_Task objective:_
Start with the line that holds "Unbranded Signal Light". Please copy it and each remaining line below exactly, leaving pictures out.

_Data segment:_

▽

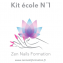 Zen Nails - Kit n°1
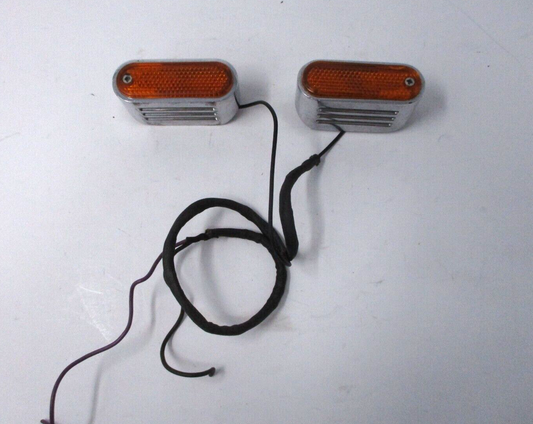 Unbranded Signal Light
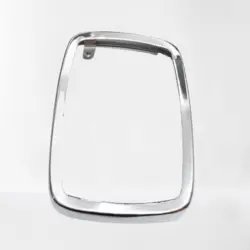 زه چراغ جلو فلزی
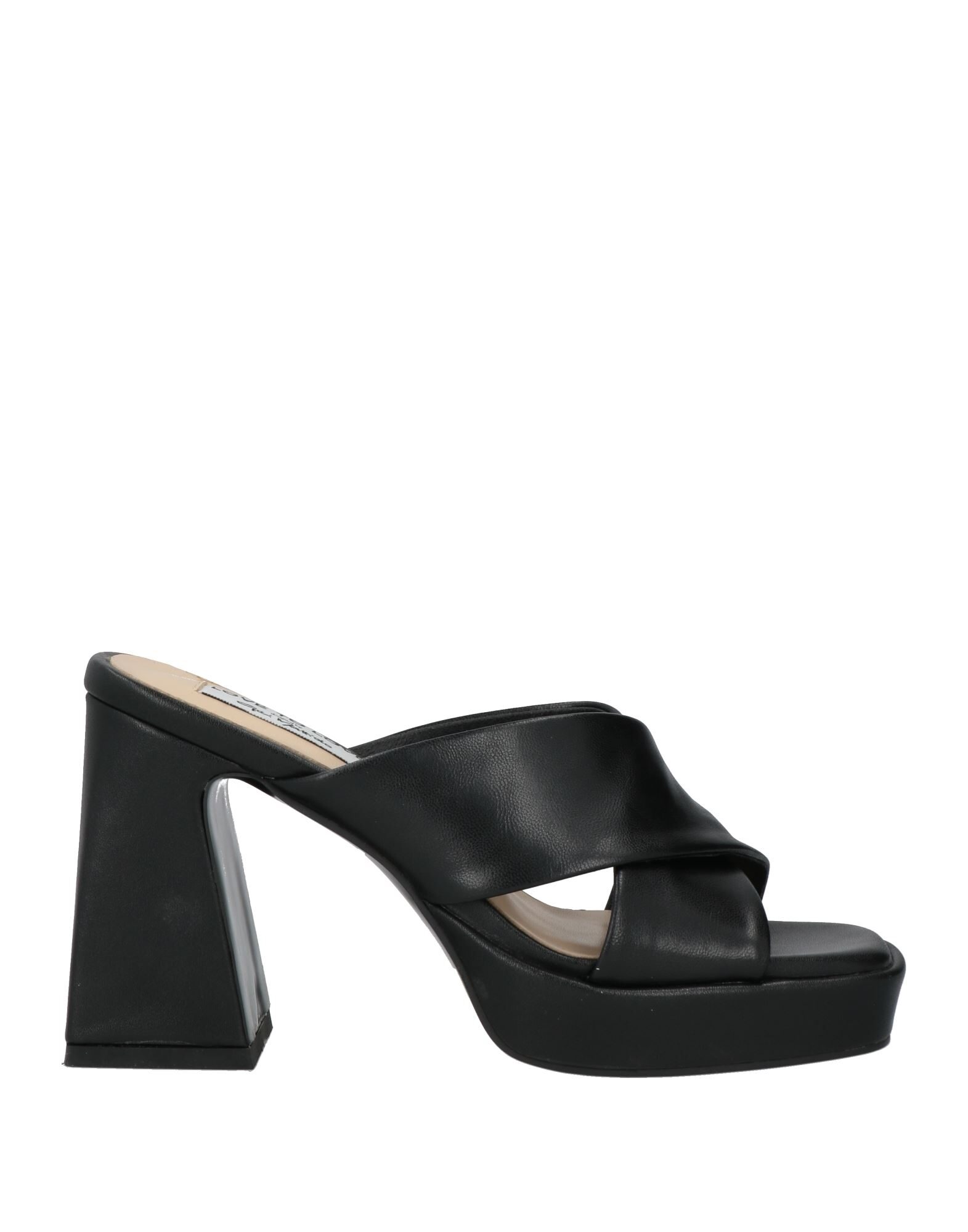 GAI MATTIOLO - Сандалии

△

_Written response:_
 Unbranded Signal Light
 زه چراغ جلو فلزی
 GAI MATTIOLO - Сандалии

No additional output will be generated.